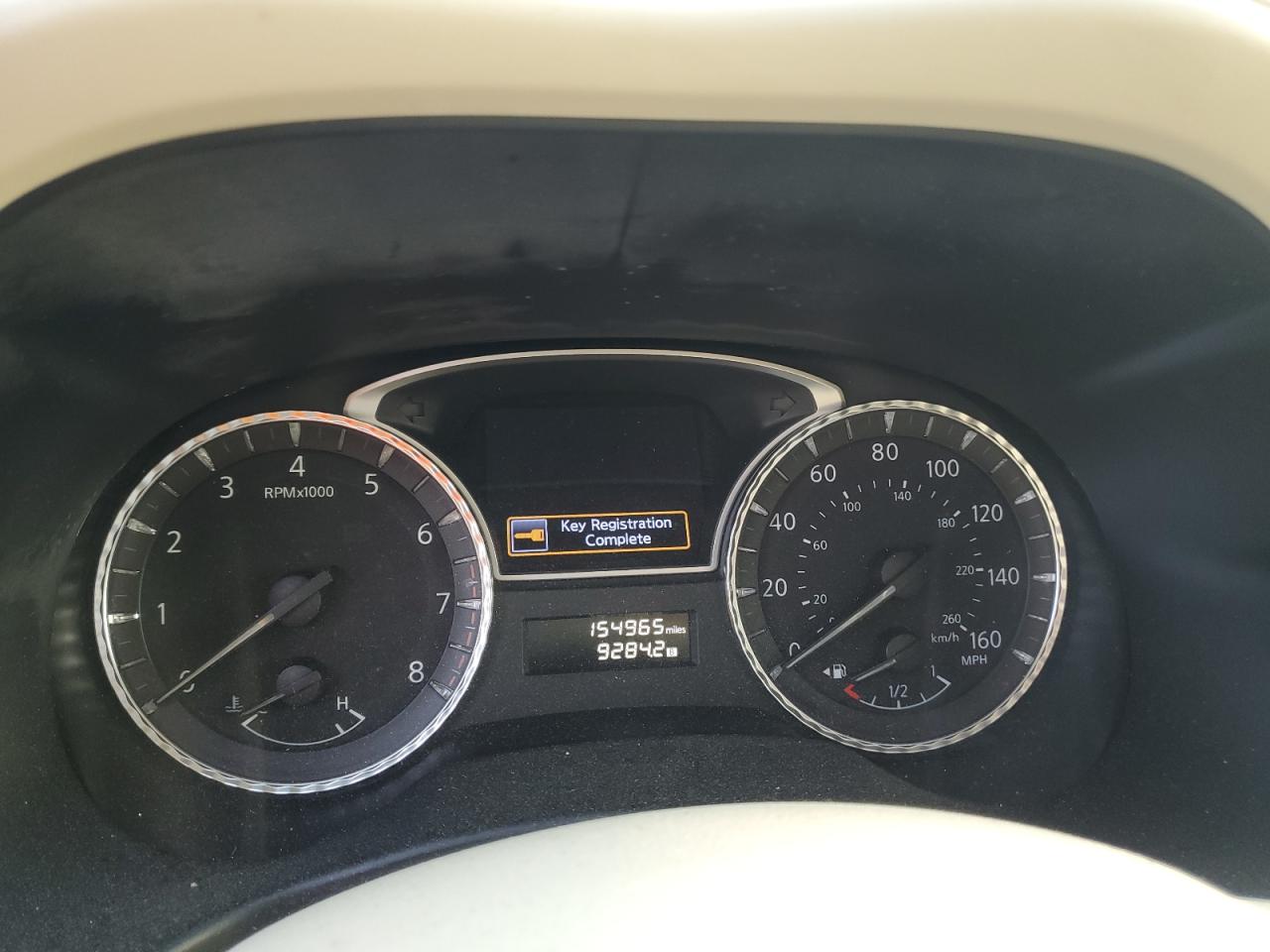 2014 Infiniti Qx60 VIN: 5N1AL0MM9EC507957 Lot: 81208635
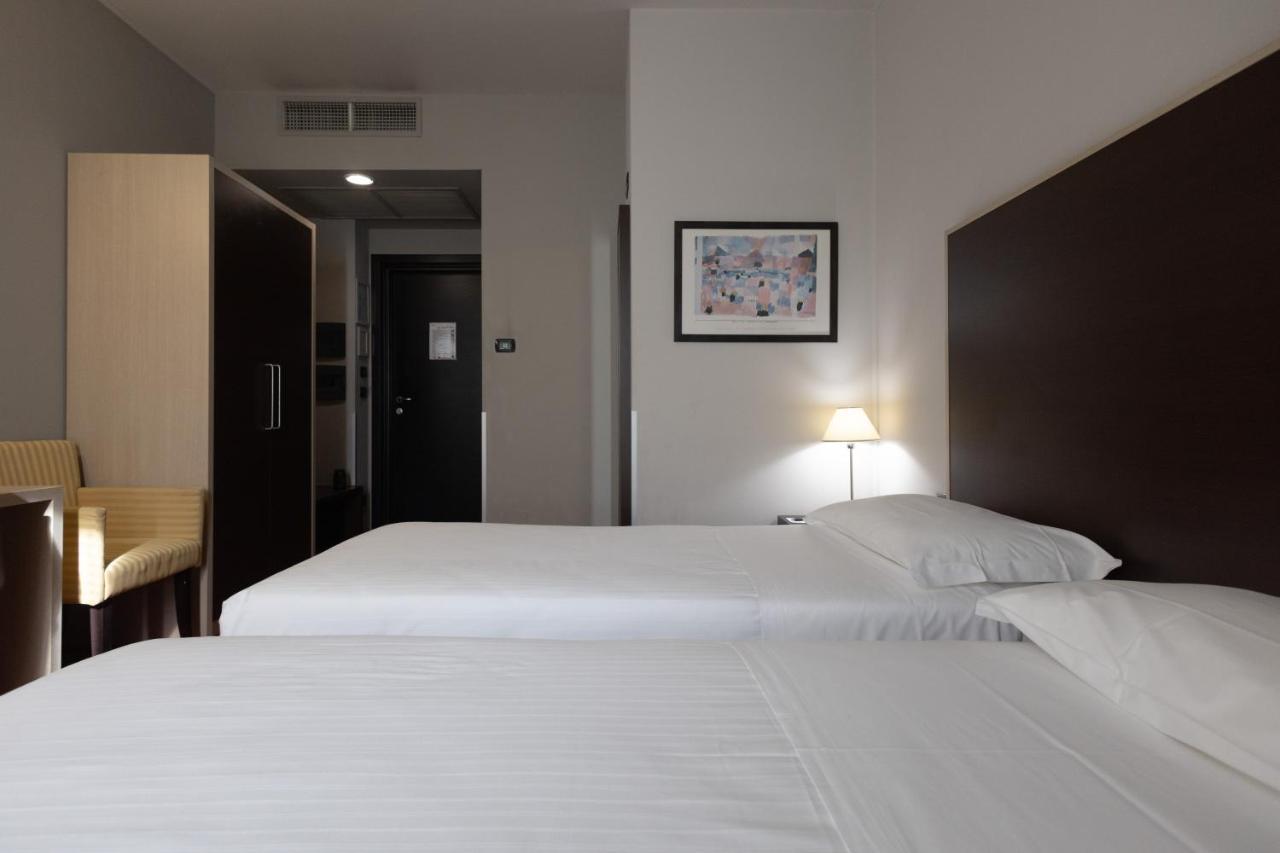 Art Hotel Olympic Turin Exterior photo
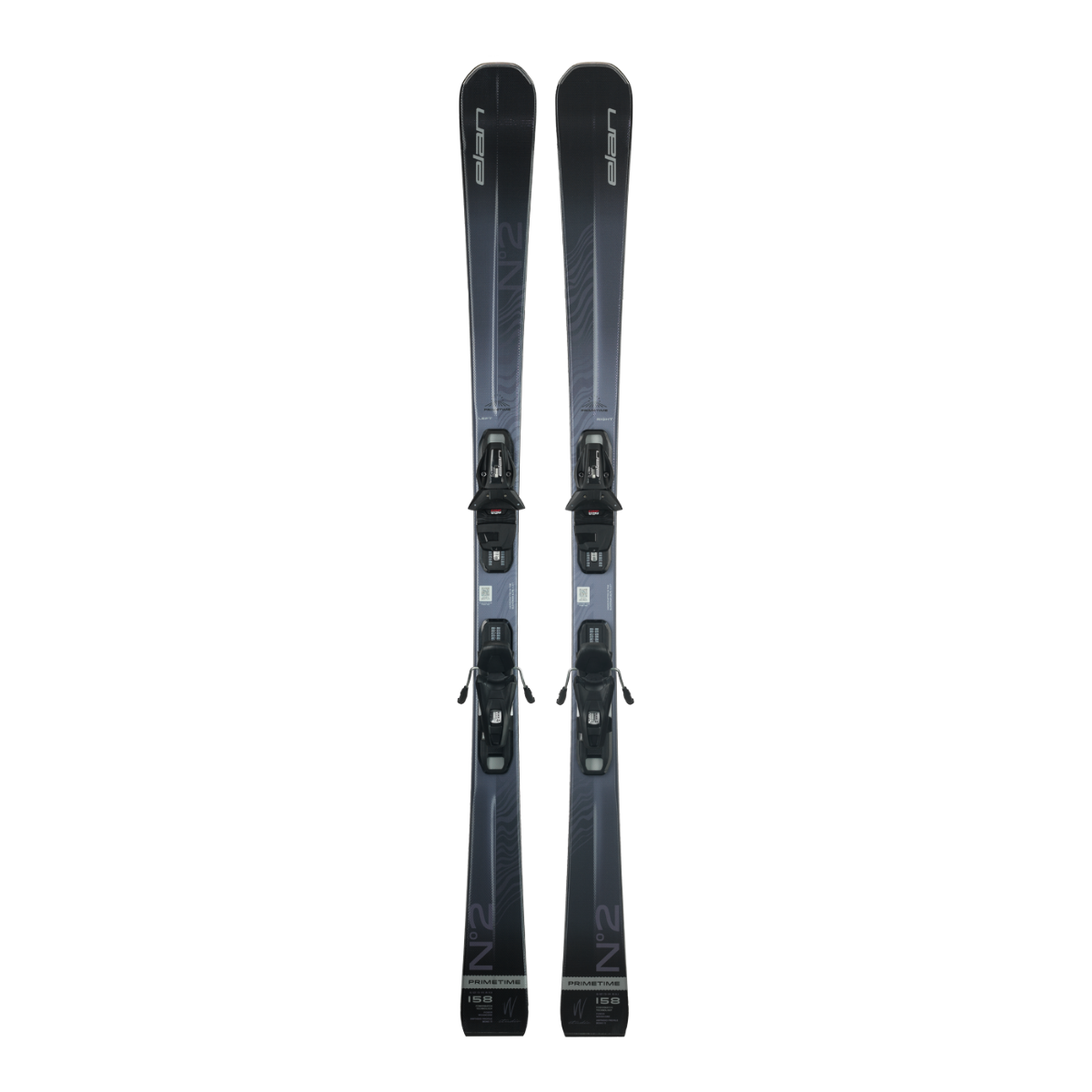 PRIMETIME N°2 W Shift X + EL 9.0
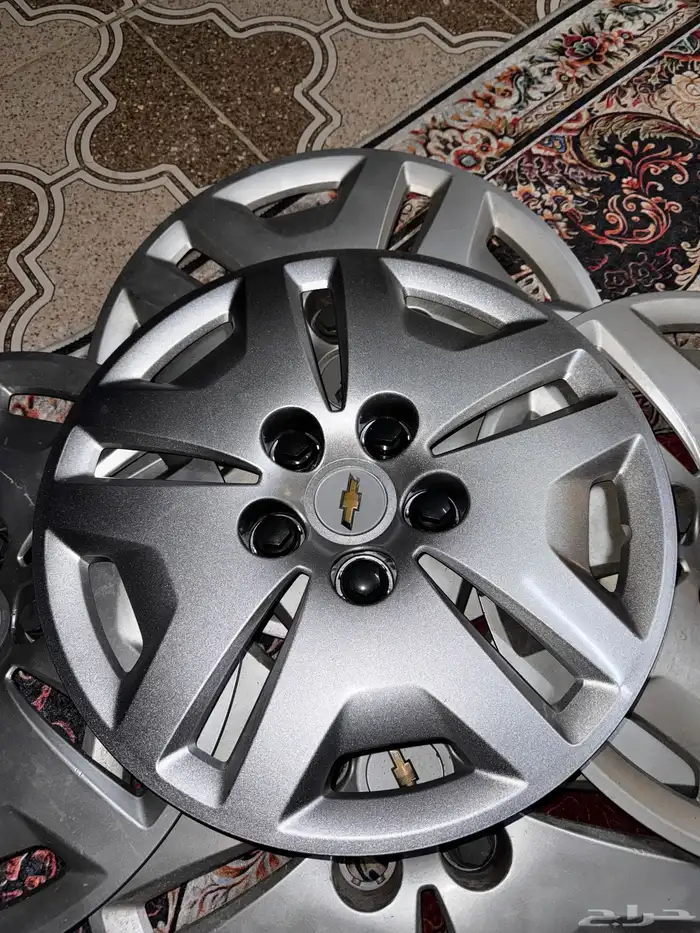 جنوط حديد وطيس ماليبو وكاله 3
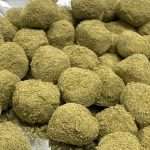 THCa Moonrocks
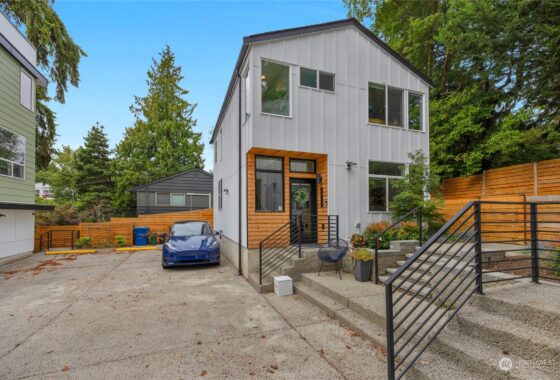 2346 NE 90th Street Seattle Washington 98115 | The Madrona Group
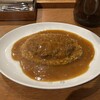カレー専門店 白銀亭  イトゥビル店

****************************************

◆ Task
With the pictures removed, output the listing above exactly.

◆ Solution to this task
 2014 Infiniti Qx60 VIN: 5N1AL0MM9EC507957 Lot: 81208635
 Art Hotel Olympic Turin Exterior photo
 PRIMETIME N°2 W Shift X + EL 9.0
 جنوط حديد وطيس ماليبو وكاله 3
 THCa Moonrocks
 2346 NE 90th Street Seattle Washington 98115 | The Madrona Group
カレー専門店 白銀亭  イトゥビル店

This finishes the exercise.